By creating multidimensional spaces in order to solve complex problems that a supercomputer cannot, quantum computing represents the future of data processing.
IBM outlines the specifics of quantum computing, detailing specifications from the roughly fridge-sized hardware itself to the quantum bits (qubits) which store information in quantum form. The financial sector could use quantum computing to assist in security operations, which typically rely on complex encryption algorithms. These mathematical equations could be significantly enhanced with the new hardware to require more than traditional computer tech to solve.
A McKinsey & Company report highlights additional banking implications that could improve with quantum computing's data processing. Mortgage banking, portfolio management and corporate finance organizations could use unstructured data sets from a variety of relevant areas to enable faster, more precise calculations.
As institutions are just beginning to gain access to the hardware, customer-facing quantum computing solutions are not yet being used. Increased availability and access to the tech suggest a shift to these types of technologies may be inevitable in the consumer space.
Intractable problems find solutions
Intractable problems are defined as those which cannot be solved by a traditional computer algorithm within a reasonable amount of time. Many intractable problems are based around the financial markets, with forecasting algorithms unable to predict certain variables. The advent of quantum computing for the financial industry could have implications for the simulation of markets and the ability to predict how a commodity will impact the cost of other assets.

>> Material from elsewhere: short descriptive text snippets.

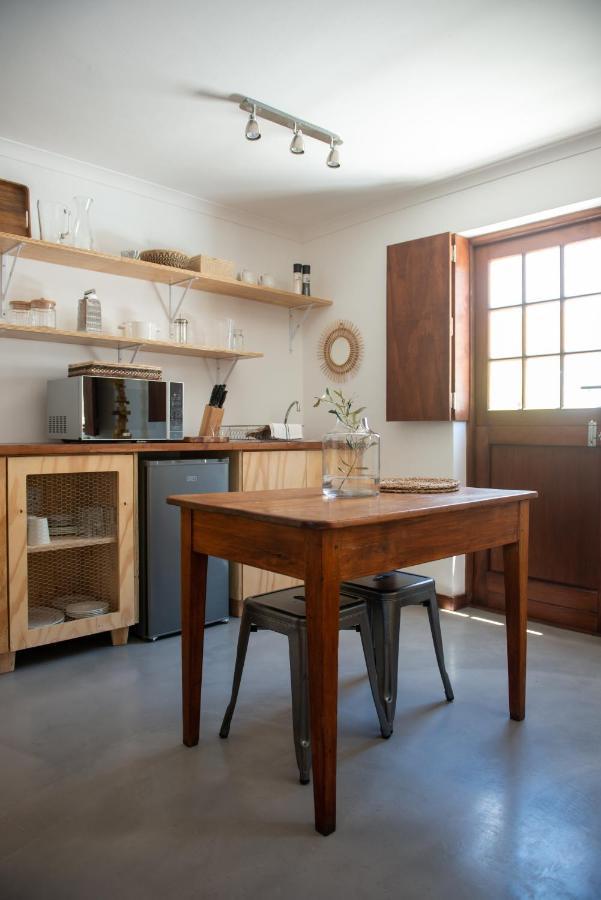 Gonana Studios & Villa Paternoster Exteriér fotografie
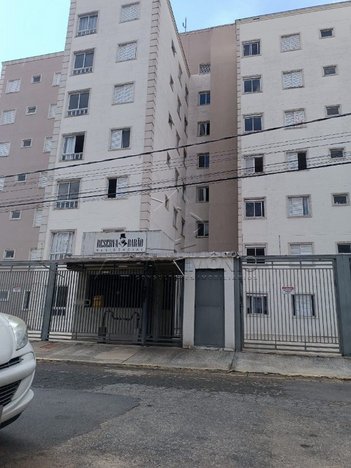 apartment em Rua Vinte e Três de Maio, Vila Barão - Sorocaba - SP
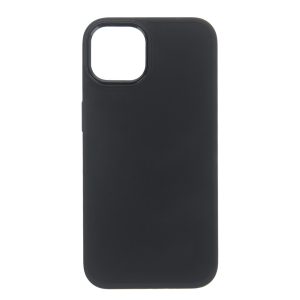 Satin tok iPhone 15 Pro - fekete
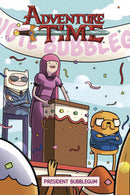 ADVENTURE TIME ORIGINAL GN VOL 08 PRESIDENT BUBBLEGUM C 1-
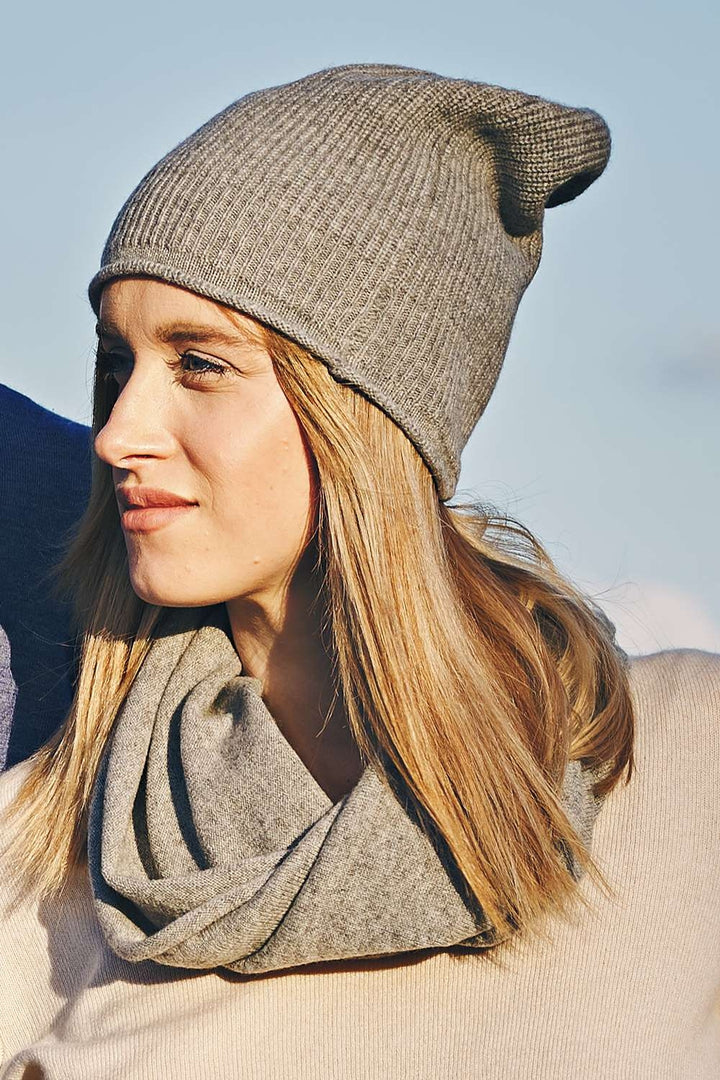 Scaldacollo Di Cashmere In Purezza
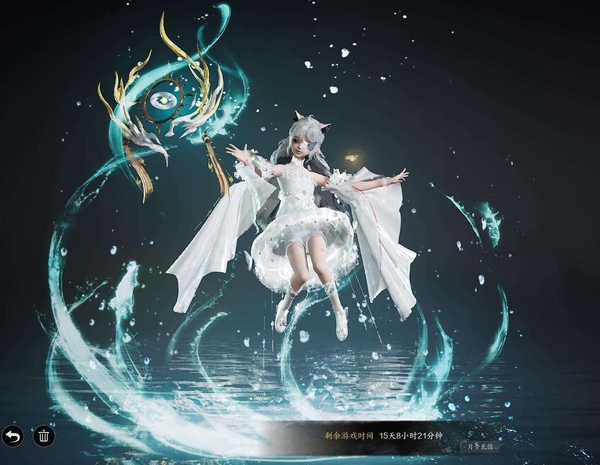 诛仙世界账号风华绝代风华值：24095
星元战力：113366
已用女娲石：9
神兵等级：345
外观：一心情衷，太微玄览，太微玄元，清蛟沧流，再语冰心，栖灵镜，星海镜，秋暝翳云，秋辞吟云，金阙浮云，金阙素霓，璞玉...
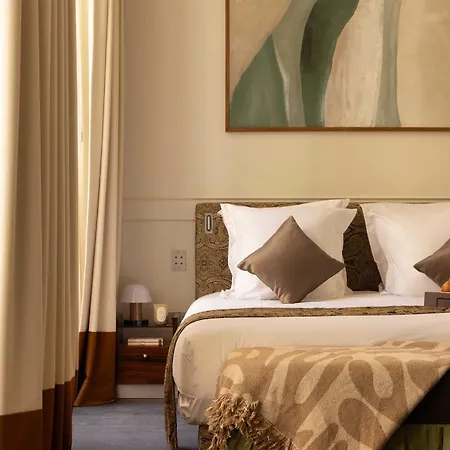 Residense Bourbon Bourgogne Apartman *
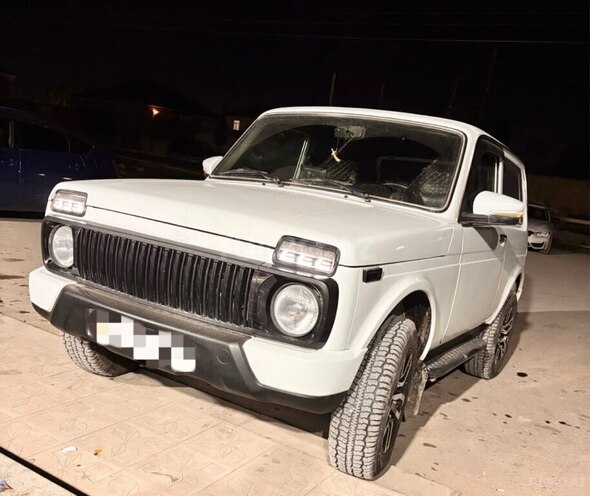 LADA (VAZ) Niva-1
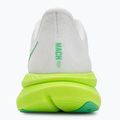 Кросівки для бігу чоловічі HOKA Mach 6 white/neon lime 6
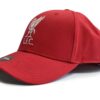 liverpool mass basic home baseball cap red 1
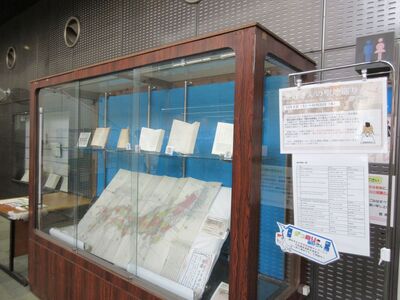 令和6年度横浜市立大学展示写真1枚目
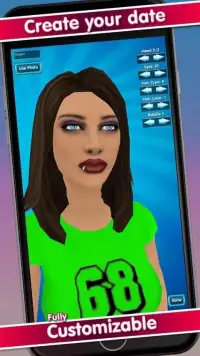 My Virtual Girlfriend FREE Screen Shot 12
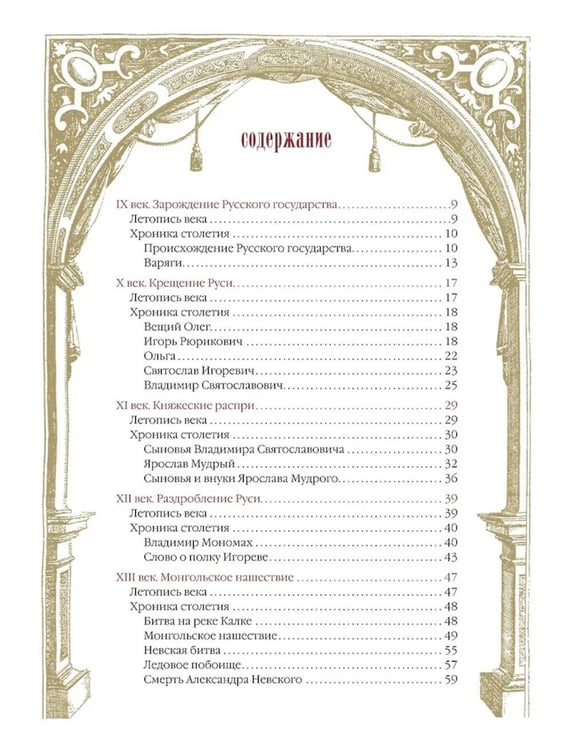 Дополнительное изображение книги «Россия. Хроника столетий. 862-1917»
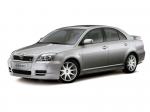 Toyota Avensis Sedan TTE Performance Kit 2003 года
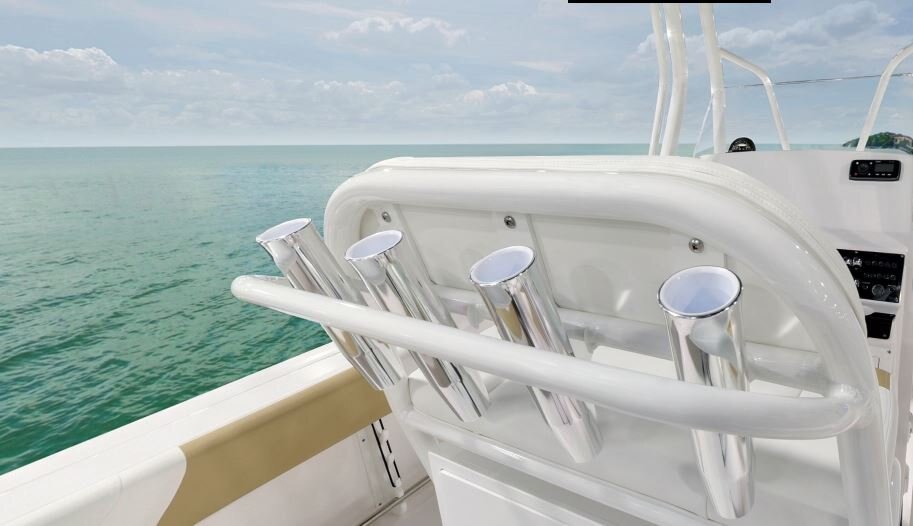 2026 EdgeWater 208CC Outrider Series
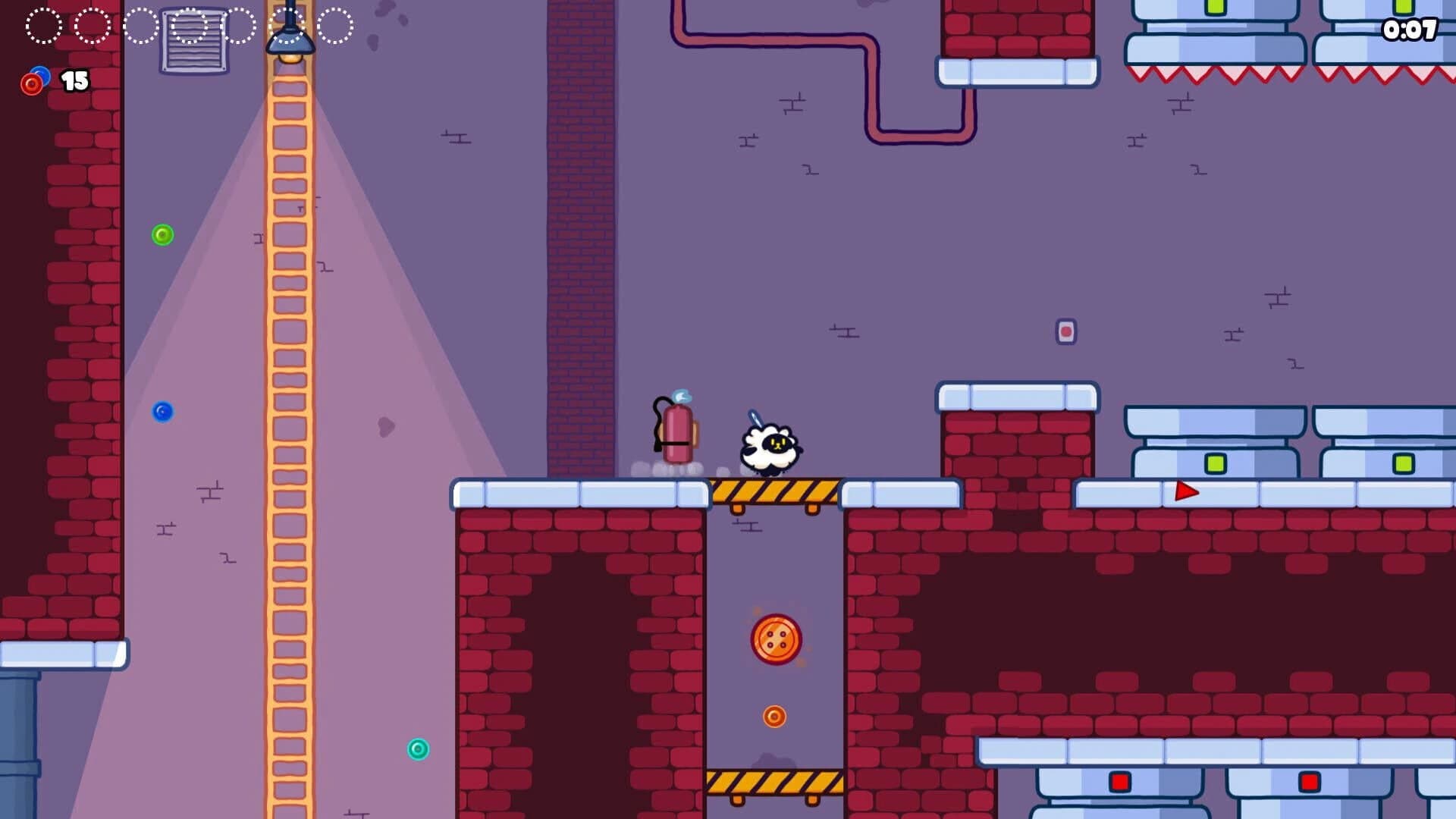 Wool screenshot 2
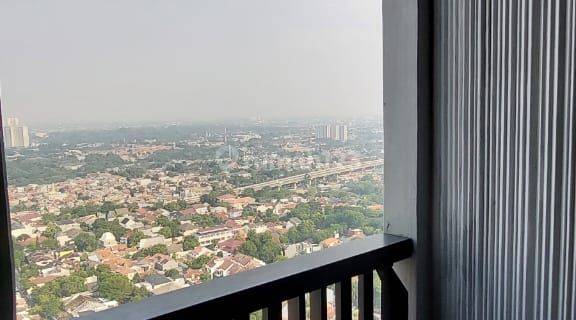 Sewa Apartemen Fatmawati City Center 1BR Semi Furnished 1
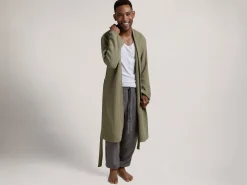 Parachute Robes*Cloud Cotton Robe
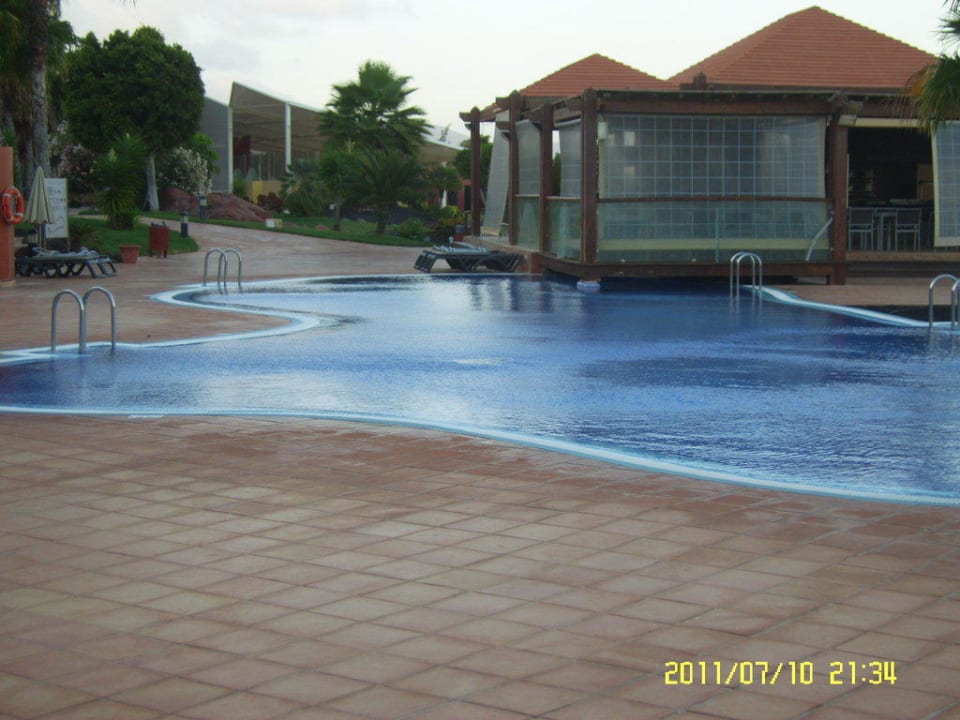 Pool H10 Tindaya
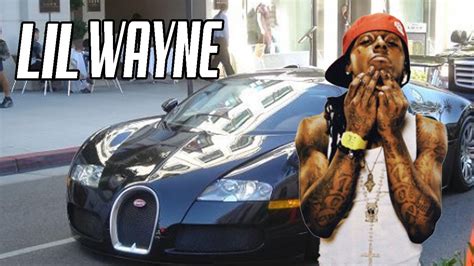 The singer owns a lavish mansion in miami which is a s a city located on the atlantic coast in the entire house boasts a spectacular city view through the glass walls. COLECCIÓN DE AUTOS LIL WAYNE | CAR COLLECTION | WHATTHECAR ...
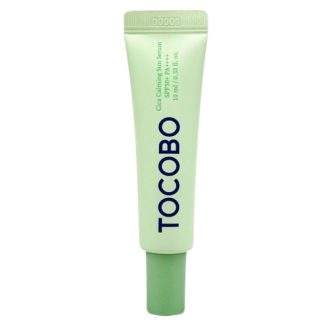   TOCOBO Cica Calming Fényvédő Szérum mini 10ml (SPF50+ PA++++)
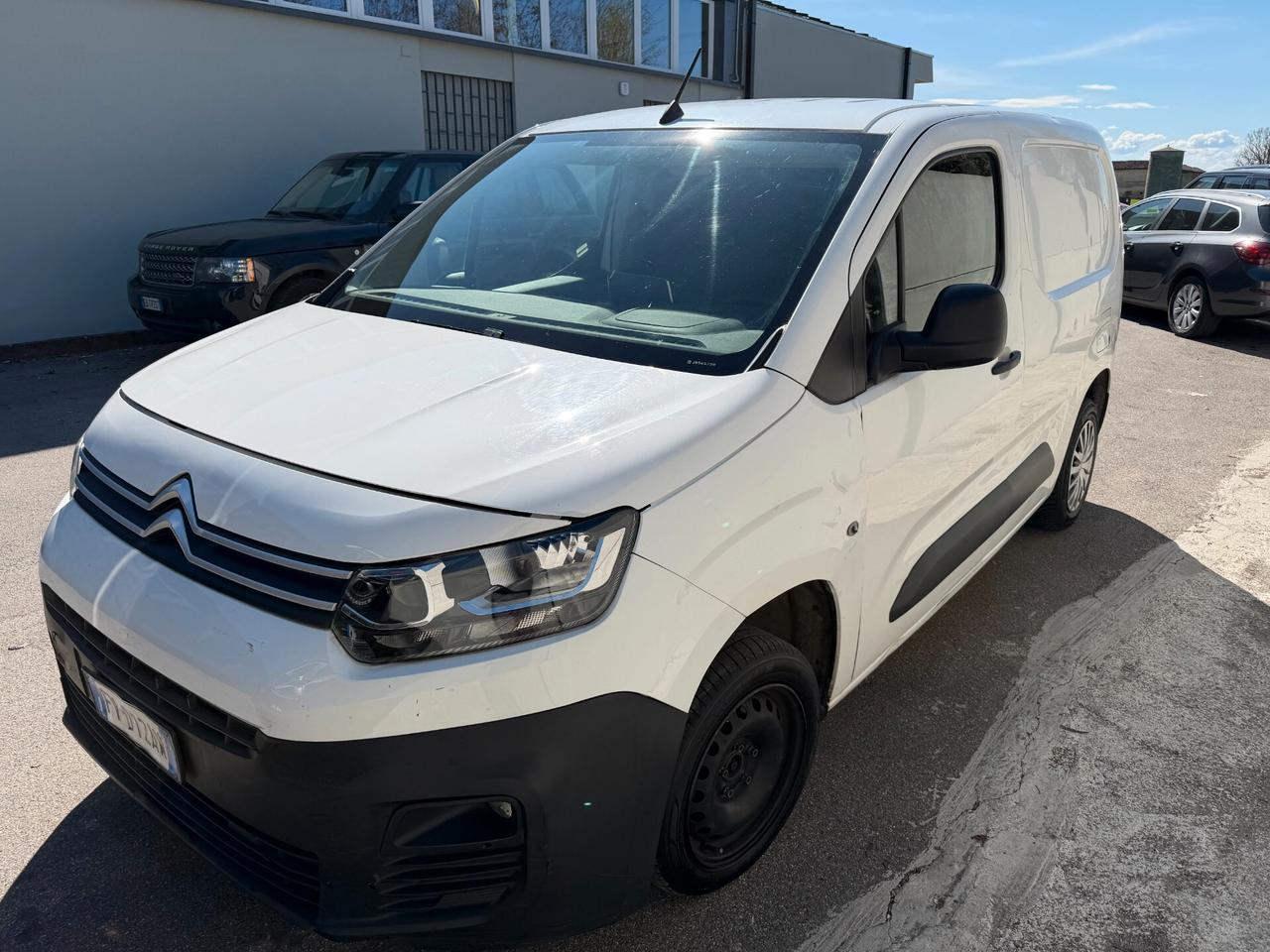 Citroen Berlingo BlueHDi 100 S&S Van M Club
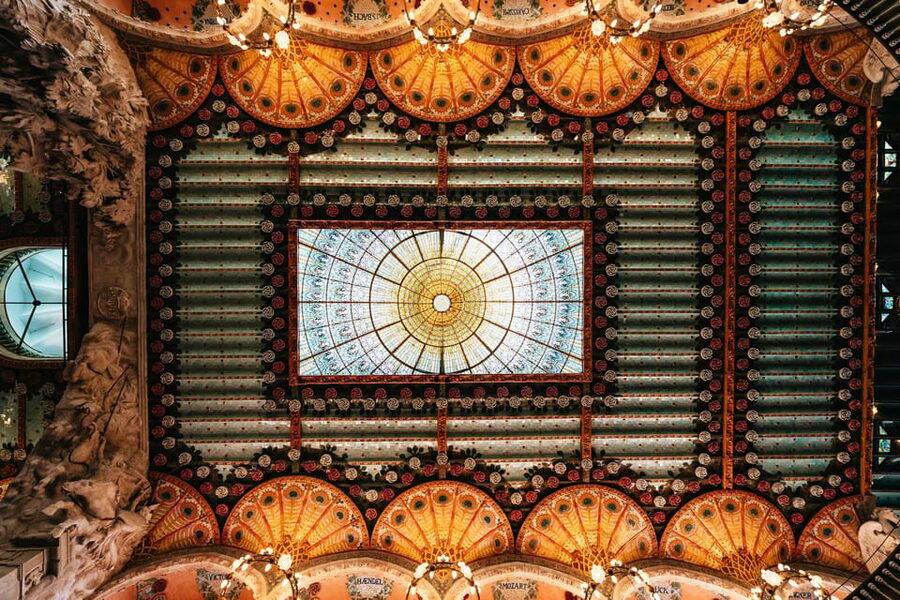Barcelona: Palau de la Música Guided Tour - Price and value: why $28 often feels fair in this short time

So called Monte Carlo simulations – detailed in a Palisade article – are mathematical equations designed to account for risk in quantitative analysis. The introduction of quantum computing could allow for the forecasting of future markets with greater accuracy. Considerations around market volatility, regulations and customer preferences that are currently limited by existing software would be taken into account effortlessly by the forecasting capabilities of quantum computing. The high costs currently associated with mapping simulations would be effectively reduced as well.
The largest quantum computer currently has 64 qubits. John Martinis, professor of physics at University of California at Santa Barbara, tells Digital Finance the scaling of these quantum bits reveals how far away the banks are from widespread quantum computer integration. In order to run software effectively, a program requires roughly 1 million qubits. While the current 64-qubit computer seems to be far from that lofty number, exponential growth is likely to occur, and experts predict a 50 million-qubit computer will be able to crack encryption data.